The sellers now argue that the trial court committed error when it found that they were liable to the buyers and when it computed the amount of damages. Our appellate role is to determine whether the findings of the trial
[ 312 Pa. Super. Page 197]
court are supported by competent evidence and whether the trial court committed error in any application of the law. Brenna v. Nationwide Insurance Co., 294 Pa. Super. 564, 567, 440 A.2d 609, 611 (1982); Metz Contracting, Inc. v. Boxer Heights, Inc., 261 Pa. Super. 177, 180, 395 A.2d 1373, 1375 (1978). The findings of the trial judge in a non-jury case must be given the same weight and effect on appeal as the verdict of a jury, and the findings will not be disturbed on appeal unless predicated upon errors of law or unsupported by competent evidence in the record. Eddystone Fire Co. No. 1 v. Continental Insurance Cos., 284 Pa. Super. 260, 263, 425 A.2d 803, 804 (1981). When an appellate court reviews the findings of the trial judge, the evidence is viewed in the light most favorable to the victorious party below and all the evidence and proper inferences favorable to that party must be taken as true and all unfavorable inferences rejected. Brenna v. Nationwide Insurance Co., supra 294 Pa. Super. at 567-68, 440 A.2d at 611; Courts v. Campbell, 245 Pa. Super. 326, 331, 369 A.2d 425, 428 (1976).

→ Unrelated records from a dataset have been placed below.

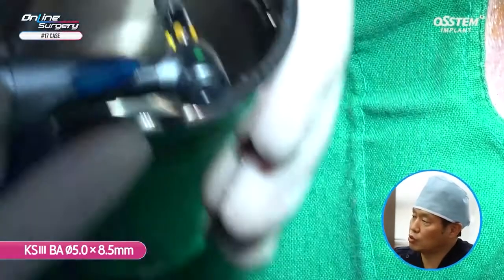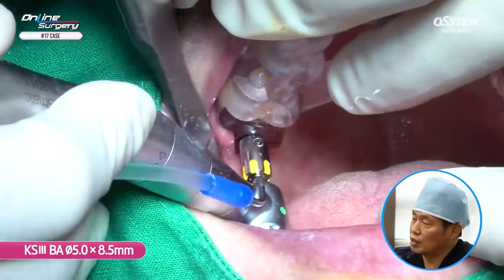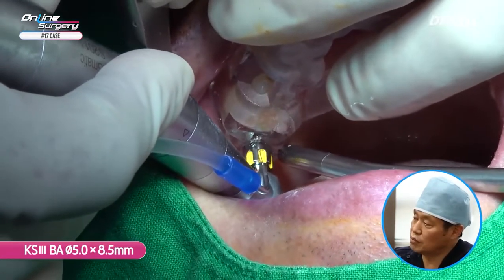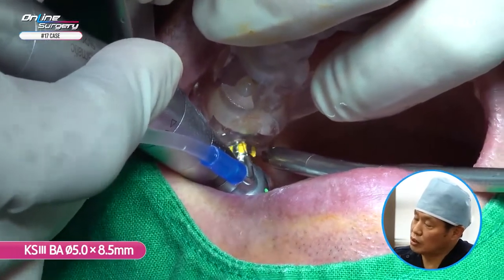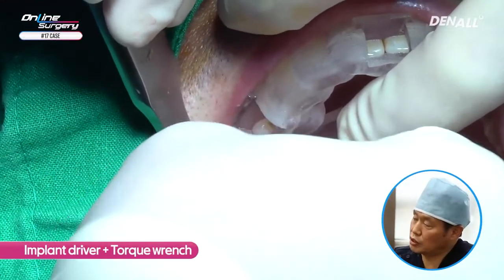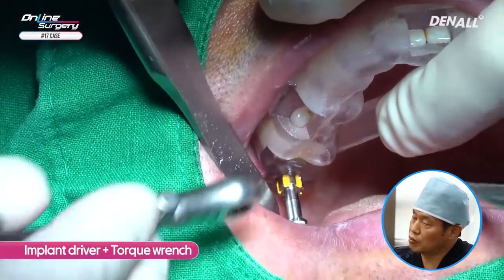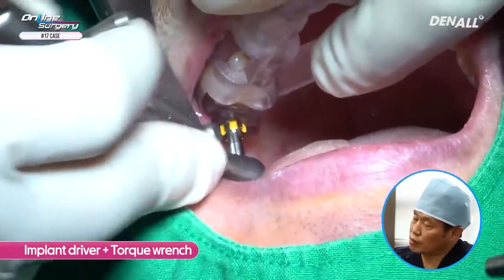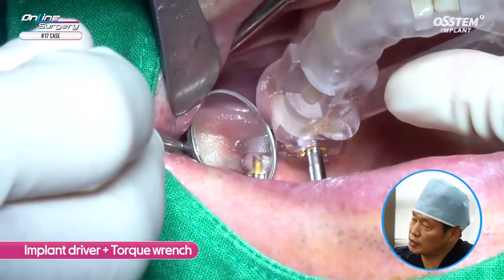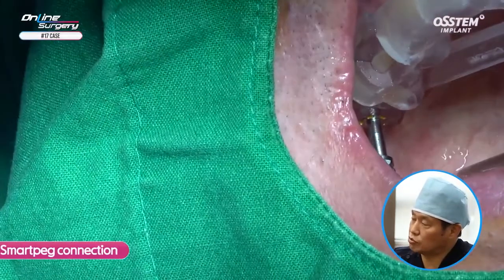KS-3 BA surface 5.0 by 8.5 implant is going to be placed. For the hydrophilic BA surface, you need to irrigate sufficiently before placing the implant — otherwise, if it contacts saliva, biofilm can form. I'm placing the implant with the engine up to approximately 80%, and then using the implant driver and torque wrench with tactile senses to finish placement. With the template on, I am installing the implant. Initial stability is sufficient, approximately 30–40 Ncm. Because the yellow of the template slot and the marking on the implant driver are aligned, the implant has been placed in the desired position.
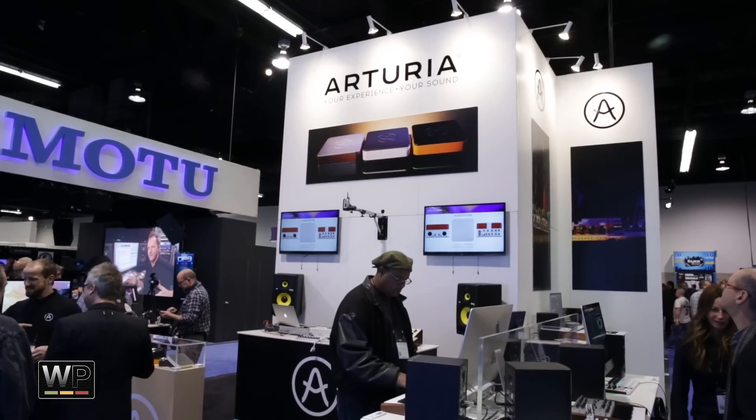Hey everybody, this is Peter Malek at the 2015 NAMM Show. We're right here checking out the latest and greatest in gear. Come on in and let's geek out together. I'm here on the floor of NAMM Show 2015 with Ralph Goldheim of Arturia, and we are looking at the AudioFuse.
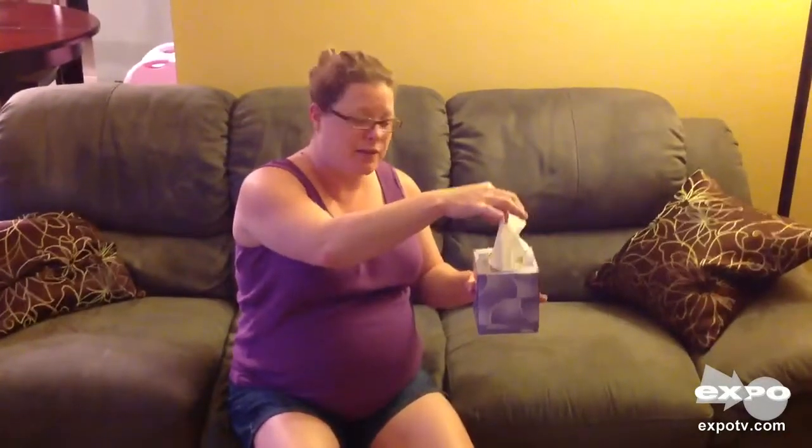I like the box. It's small. It can fit on the bedside table. It doesn't take up a lot of room. The pop-up design — I do prefer this over the ones that lay down.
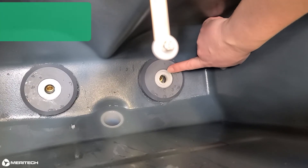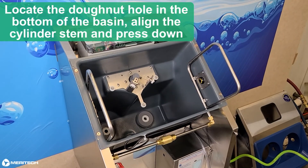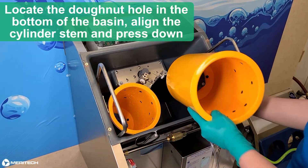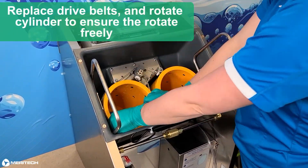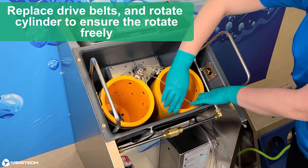Return the cylinders to the handwashing system and give them a good press down to ensure full engagement. Put the cylinder drive belts back on and rotate the cylinders to ensure everything is rotating smoothly.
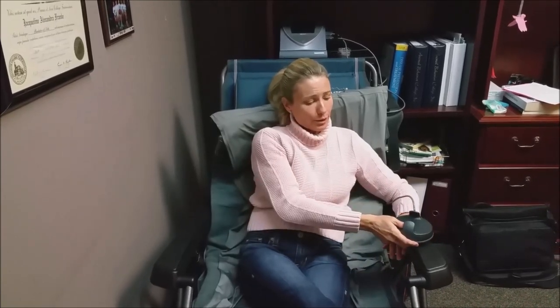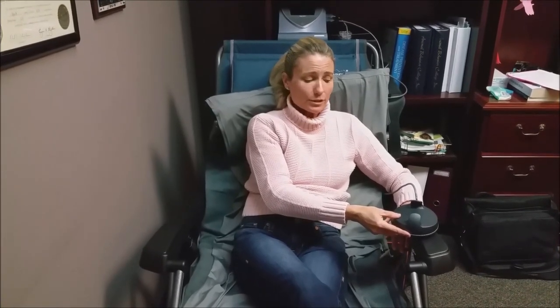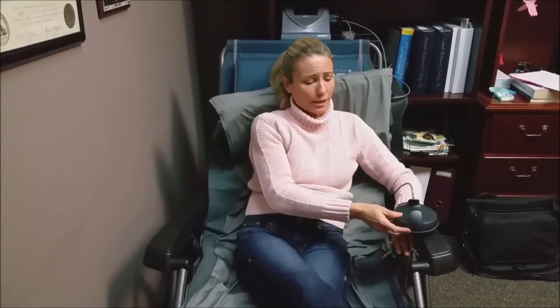What I specifically do is put the B spot directly on my finger. I'm going on intensity 10 with pulse, and that's going to go for an eight-minute duration. We don't have to remove jewelry to do this, so it's very quick.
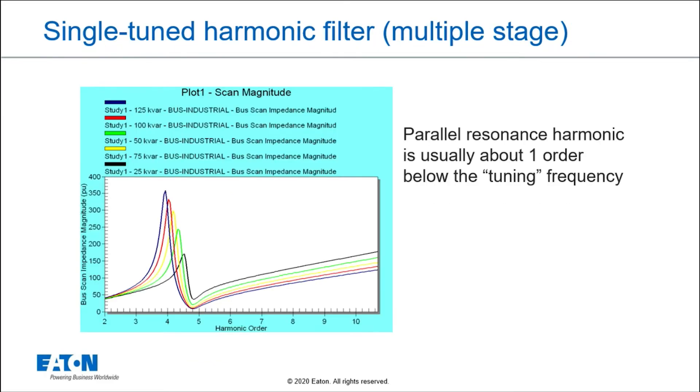Now if I take a look at a switched harmonic filter that has multiple stages — in this case, five different stages for this single-tuned filter — what do I mean by single-tuned? It's tuned close to the fifth harmonic, the lowest available harmonic that's most significant. This graphic shows the frequency response: it has a very low impedance at the tuning point and a high impedance just below it, which is called the parallel resonant point. Controlling that parallel resonant point and the tuning point are really what makes a harmonic filter design good or bad.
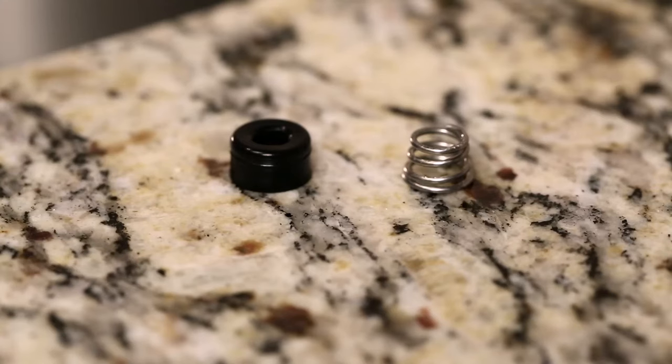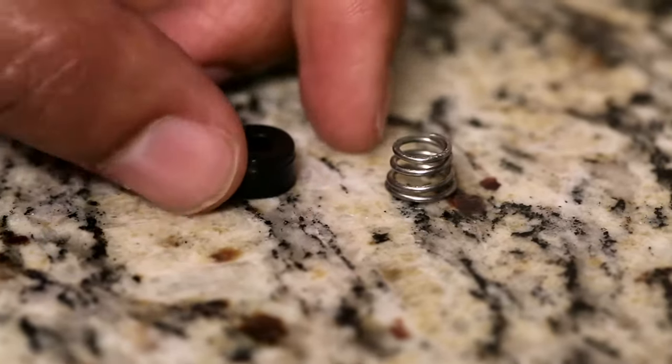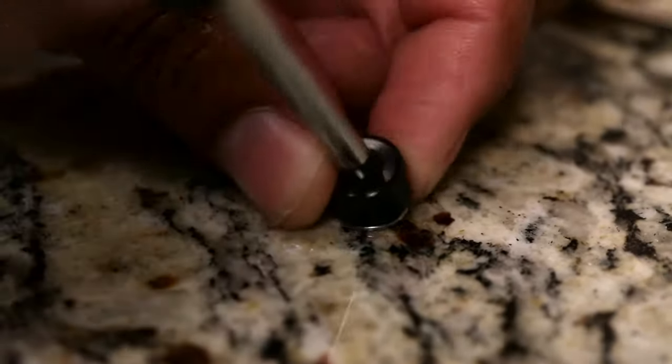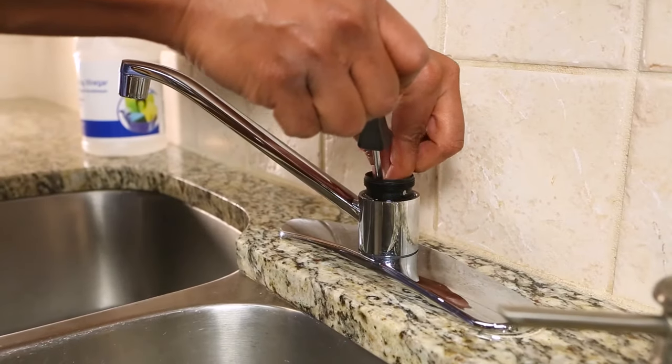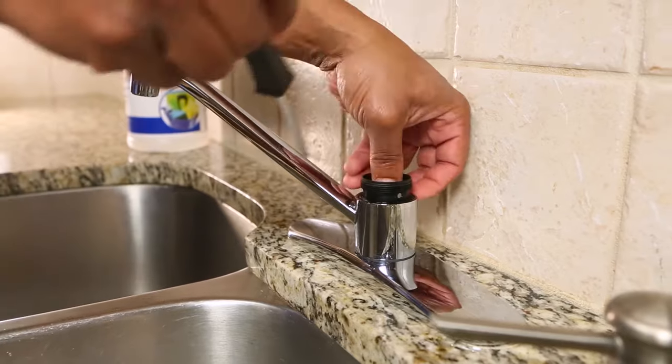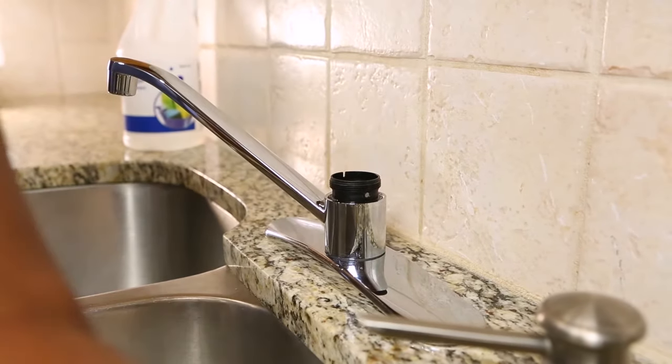Now you're ready to install the new faucet ball seat and springs. You must install the seats and springs first. Insert the spring wide end down, then place the rubber seat over the narrow end of the spring. You may find it easier to assemble the springs and seats outside of the faucet on a counter, and then use a screwdriver to place them into the faucet body.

The sellers assert that the trial court erred in its ultimate conclusion that sellers were liable to the buyers by reason of (1) a failure of that court to properly apply the parol evidence rule, and (2) the determination of the trial court that there was sufficient evidence to support a finding that the sellers had engaged in fraudulent conduct. The evidence at the trial established that approximately two and one-half months expired between the date that the agreement to purchase was executed and the date of the settlement and that the buyers inspected the house on but two occasions, first, on the day prior to the date of execution of the agreement to purchase and second, immediately preceding the settlement. The buyers on the first visit inspected both the basement and the garage, the two areas of the house where the court found that the sellers had concealed defects. Although the buyers detected a musty odor in the basement, they could not see any water stains on either the floor or walls of the basement since: (1) most of the floor was covered by a large area rug; (2) there were approximately
[ 312 Pa. Super. Page 198]
eight posters which measured 36" X 36" on the basement walls; and (3) numerous large boxes of ceiling tiles were lined along the perimeter of the basement floor. The buyers also inspected the garage on the occasion of this first visit and found it to be in a generally cluttered condition; in addition, the one wall of the garage, the back wall where a structural defect was discovered after settlement, was paneled, ...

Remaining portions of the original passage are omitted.